OJK bersama Kemendag pun sedang menyiapkan rancangan peraturan pemerintah (RPP) menyangkut pengaturan dan pengawasan aset keuangan digital. Beleid tersebut bakal menjadi petunjuk pelaksana (juklak) dan acuan bersama.
Kemudian, menyusun rencana acuan (masterplan), yang memuat beberapa hal terkait transisi fungsi pengawasan aset. Misalnya, pengaturan dan pengembangan aset keuangan digital dan kripto, termasuk pengawasan dan penegakan hukum, hingga perizinan dan fungsi inovasi.
"Masterplan juga akan tertuang bagaimana posisi dan guidelines kebijakan OJK dengan melihat salah satu elemen market infrastructure di aset kripto yang saat ini sudah ada proses penerbitan izinnya di Bappebti, yaitu bursa kripto. Kemudian, apa yang disiapkan untuk pengembangan aset kripto," beber Hasan beberapa waktu lalu.
Takkan ada aspek baru dalam penegakan hukum lantaran memanfaatkan kerangka kerja sama yang telah terbangun sebelumnya. Ia memastikan penyusunan masterplan dilakukan secara saksama dan hati-hati dengan memedomani regulasi aset keuangan digital dan kripto.
"Kami akan menampung masukan dari stakeholders terkait untuk melengkapi masterplan dan juga mengedepankan standar kebijakan pengaturan yang tidak hanya menjadi standar domestik, tetapi juga secara global," ujar Hasan.
Optimisme pedagang
Terpisah, Tokocrypto, salah satu platform pedagang aset kripto di Indonesia, menyambut baik kebijakan ini. Dalihnya, pengalihan dilaksanakan dengan teliti, menekankan pada perlindungan konsumen, serta memastikan integritas dan kestabilan sekaligus menunjukkan komitmen menjaga perkembangan industri kripto di Tanah Air.

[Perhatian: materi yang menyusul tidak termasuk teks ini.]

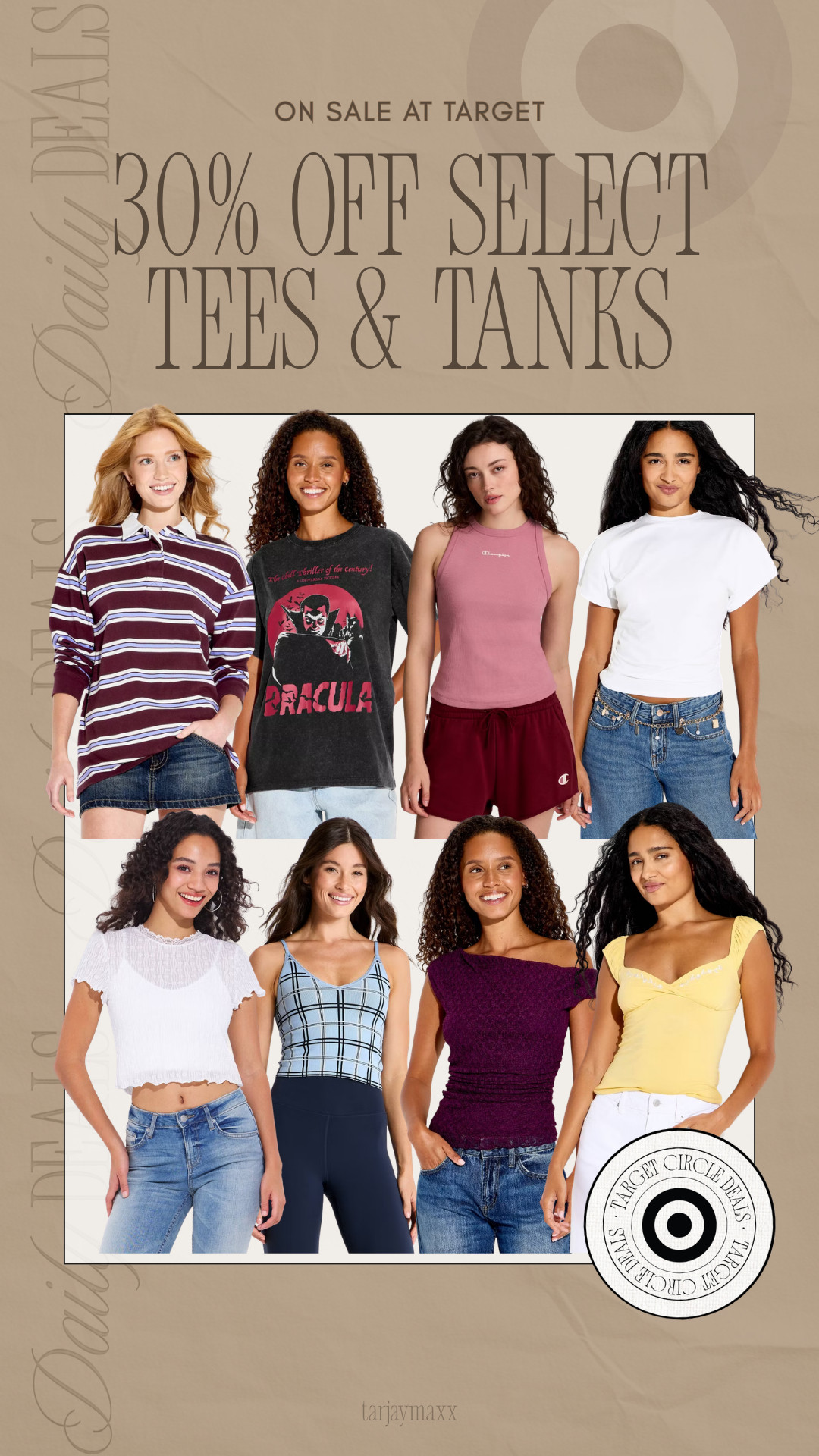 The basics you wear with literally everything are 30% off 👏 Target tees and tanks are such an easy closet staple for layering now and transitioning into your fall outfits later.
wedding guest dress summer, teacher outfits, country concert outfits, date night outfits, fall outfits women, back to school teacher gift, business casual workwear, vacation outfits beach, summer outfits over 40, work outfits 

 #LTKgrwm #LTKootd #LTKSeasonal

"Dengan pengalihan ke OJK, diharapkan tercipta harmonisasi regulasi antara aset kripto dan instrumen keuangan lainnya. Hal ini esensial untuk menciptakan iklim investasi yang kondusif dan mengurangi risiko akibat ketidakpastian hukum," ucap CEO Tokocrypto, Yudhono Rawis.
Ia meyakini demikian lantaran OJK memiliki potensi lebih besar dalam mengintegrasi aset kripto ke dalam sektor keuangan tradisional, seperti perbankan. "Sehingga, dapat memfasilitasi kolaborasi antara pelaku industri dengan lembaga keuangan konvensional dan menciptakan peluang layanan yang lebih luas bagi konsumen."

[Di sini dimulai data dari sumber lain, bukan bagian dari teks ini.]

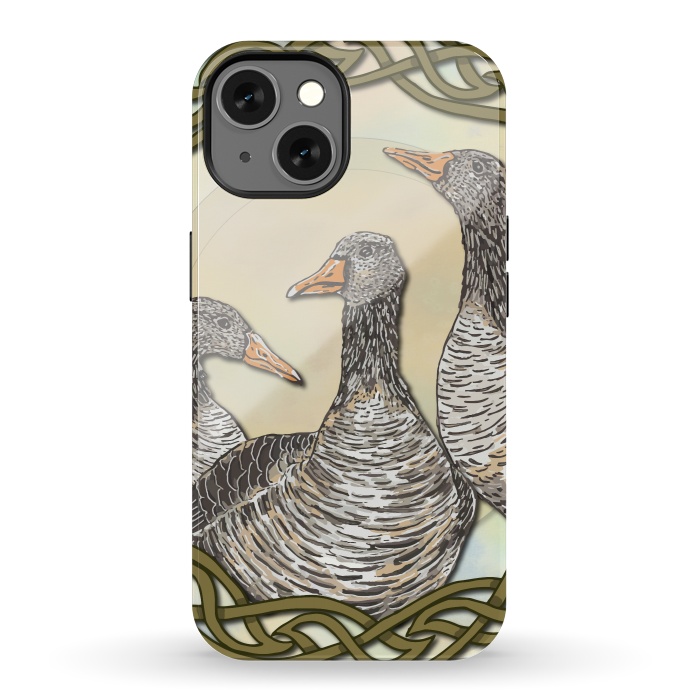 iPhone 13 StrongFit Celtic Goose by Lotti Brown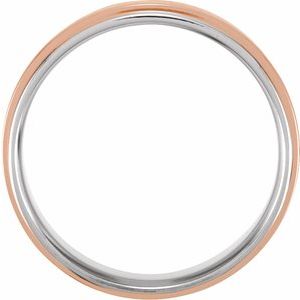 14K White/Rose/White Gold Or Sterling Silver 7.5 Mm Polished Comfort-Fit Flat Edge Band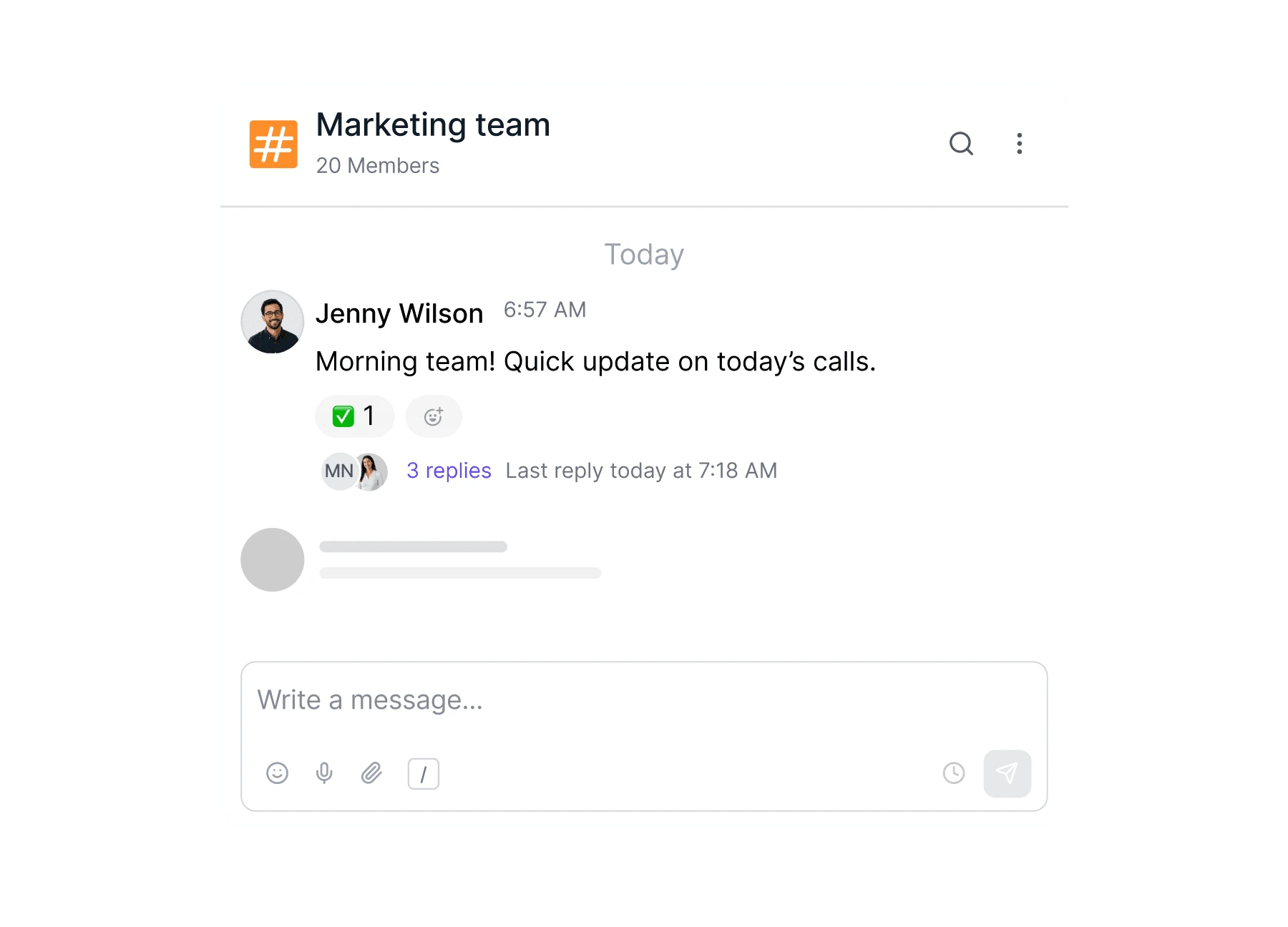 Dialbird team chat for internal conversations separated from customer messages.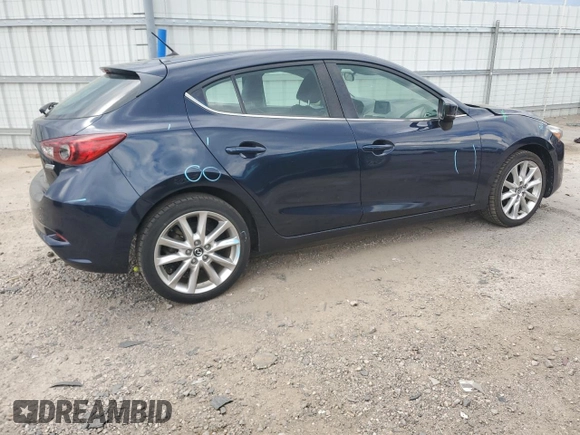 2017 Mazda 3 Touring with VIN 3MZBN1L7XHM138580, listed as a Copart auction lot 58924525 with 101,717 mi miles and Salvage title. Bid and sale history available at DreamBid. Image 3.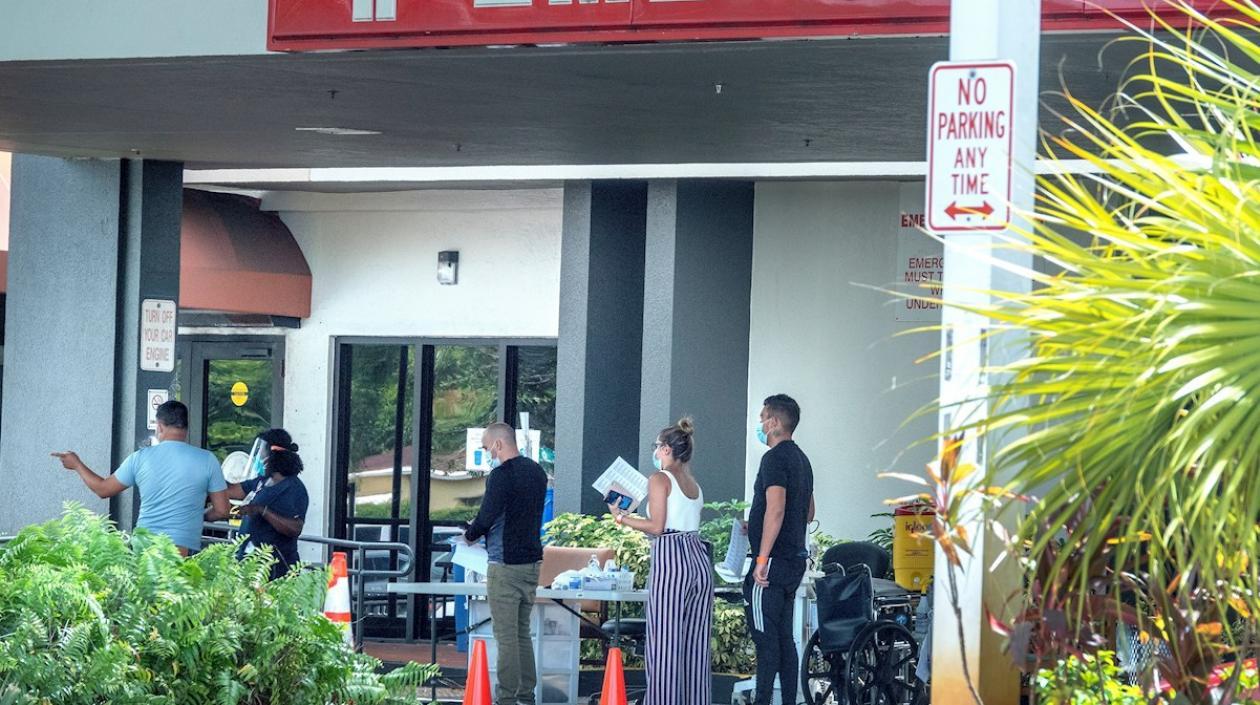 Las hospitalizaciones por el Covid-19 aumentaron en La Florida.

Alasan lainnya, OJK dapat memaksimalkan pengalamannya membangun regulasi yang lebih solid untuk pasar kripto sehingga meningkatkan kepercayaan investor dan stakeholder lainnya. Lalu, berpotensi mengintegrasikan edukasi tentang kripto dalam program-programnya hingga memberikan pemahaman yang lebih mendalam kepada masyarakat tentang risiko dan peluang pasar kripto.
"Di bawah pengawasan OJK, legitimasi industri kripto di Indonesia akan mengalami peningkatan yang signifikan. Kita juga memberikan apresiasi kepada Bappebti yang telah berperan dalam mengembangkan industri ini secara pesat dalam kurun waktu 1-2 tahun terakhir. Hal ini secara positif memperkuat kepercayaan masyarakat dan mempercepat adopsi kripto di Indonesia," tuturnya.
Kendati begitu, Yudho berpendapat, ada beberapa tantangan yang dapat muncul dalam proses pengalihan tersebut, seperti adaptasi infrastruktur teknologi dan peningkatan kapasitas SDM. Namun, ia meyakini transisi bakal berjalan baik dengan keseriusan pemerintah dan dukungan semua pihak.
Perdagangan melesu
Sejauh ini, berdasarkan Peraturan Bappebti 4/2023, terdapat 501 jenis aset kripto yang dapat diperdagangkan di Indonesia. Sebanyak 32 di antaranya aset kripto lokal.
Sayangnya, nilai transaksi perdagangan kripto menurun pada 2023 dibandingkan tahun-tahun sebelumnya sekalipun jumlah pelanggan bertambah. Nilai transaksinya mencapai Rp859,4 triliun pada 2021, lalu turun signifikan menjadi Rp306,4 triliun pada 2022 dan kembali merosot ke 94,4 triliun per September 2023.
Sementara itu, jumlah pelanggan pada 2021 mencapai 11,2 juta investor. Kemudian, naik nyaris 50% menjadi 16,7 juta investor pada 2022 dan kembali meningkat tipis ke 17,91 juta investor hingga September 2023. Lebih dari 50% pelanggan berusia 18-35 tahun.
"Penurunan ini kita harapkan juga cerminan dari semakin memahaminya [masyarakat] akan profil risiko dari aset kripto ini di kalangan para investor yang bertransaksi," ucap Hasan.